When Longer Is Better

Despite the general trend toward shorter content, there are scenarios where a longer explainer video genuinely outperforms a short one. The key factor is audience intent: how much does the viewer already want or need the information you are providing?

Complex products with steep learning curves. If you sell enterprise software with a multi-step implementation process, a 60-second overview is a starting point, not an endpoint. Prospects deep in the evaluation phase will watch a detailed 5-minute walkthrough that shows how your product handles their specific use case. The short version gets attention; the longer version closes deals.

Training and education content. Employees taking a required training course have a fundamentally different relationship with the content than someone who stumbled onto your ad. They expect to spend time learning, and a video that is too short may feel incomplete or superficial. The key is to keep each video focused on a single topic, even if the overall curriculum runs for hours. A 5-minute training video on one process is better than a 45-second overview that leaves the learner unsure of the steps.

Compliance and regulatory content. Some content simply cannot be shortened without losing required information. A workplace harassment prevention training video that covers legal definitions, reporting procedures, and scenario examples needs runtime to do its job. Use chapters, knowledge checks, and interactive elements to maintain engagement over longer durations.

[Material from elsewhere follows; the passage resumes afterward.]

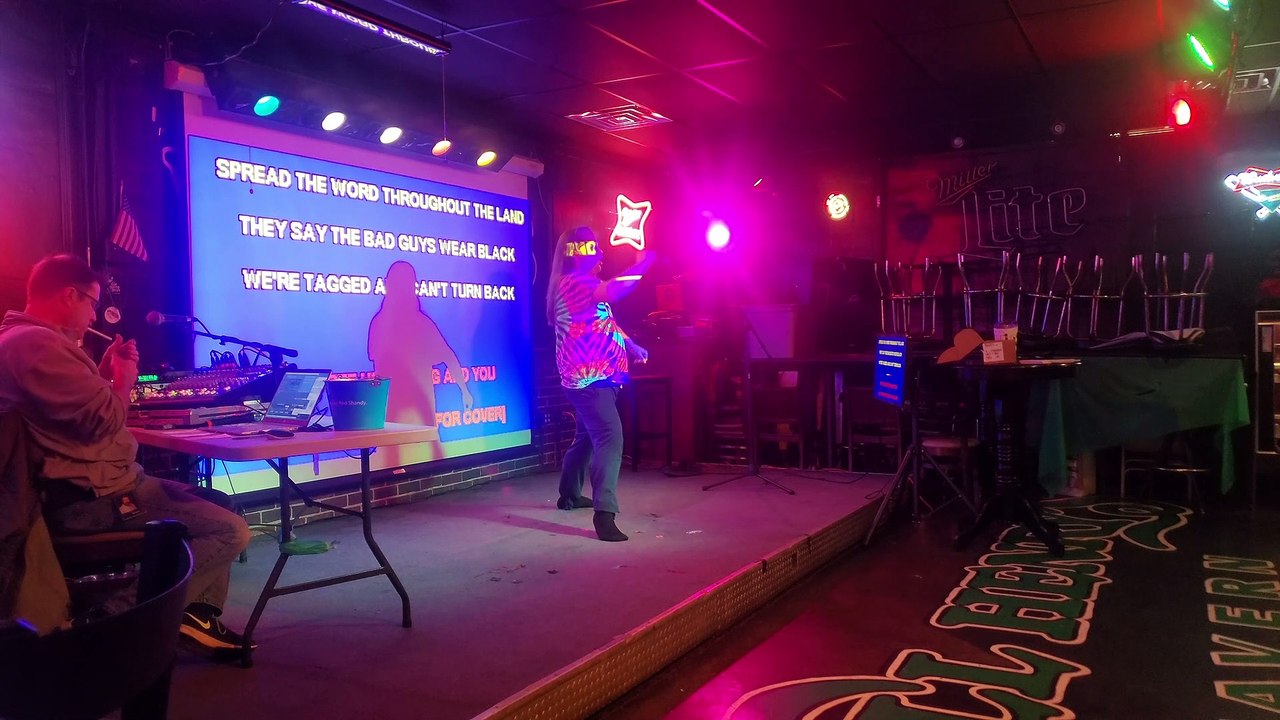KARAOKE - Pantera - Cowboys From Hell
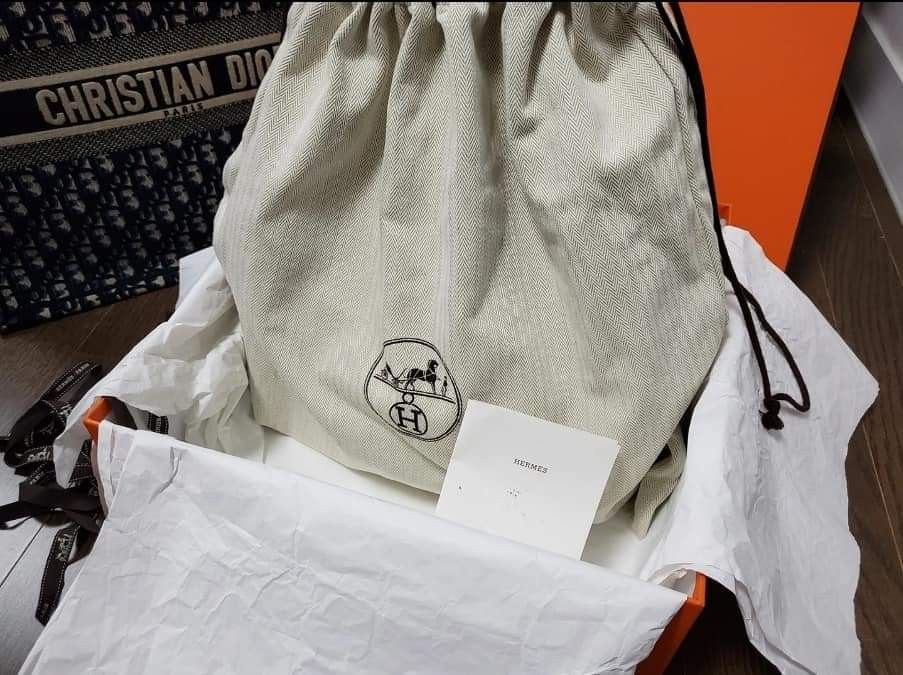 Pre order (Category: Luxury Bags & Wallets) located in Cabadbaran. Submitted by luxurysourcedbyjinx (Listing ID 1249061175, Image 3). Description: Hermes Jypsiere✨ 9/10 condition Complete set with receipt..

Deeply technical audiences. Developers, engineers, and data scientists often prefer depth over brevity. A 10-minute technical explainer that walks through architecture decisions, code examples, or implementation details will hold this audience far better than a 90-second high-level overview. These viewers are problem-solving, not browsing.

Webinars and recorded presentations. When a viewer registers for a webinar or clicks on a recorded presentation, they have signaled willingness to invest 20-40 minutes. Forcing this content into a 3-minute summary would strip out the nuance and expertise that drew the audience in the first place.

When Shorter Wins

In many contexts, the fastest way to improve video performance is to make it shorter. Here are the scenarios where brevity has the clearest advantage:

Social media and paid ads. Autoplay feeds give you roughly 3 seconds before the viewer decides to keep watching or scroll past. A 15-30 second video that delivers one clear message and one clear action will outperform a longer video that takes 20 seconds to get to the point.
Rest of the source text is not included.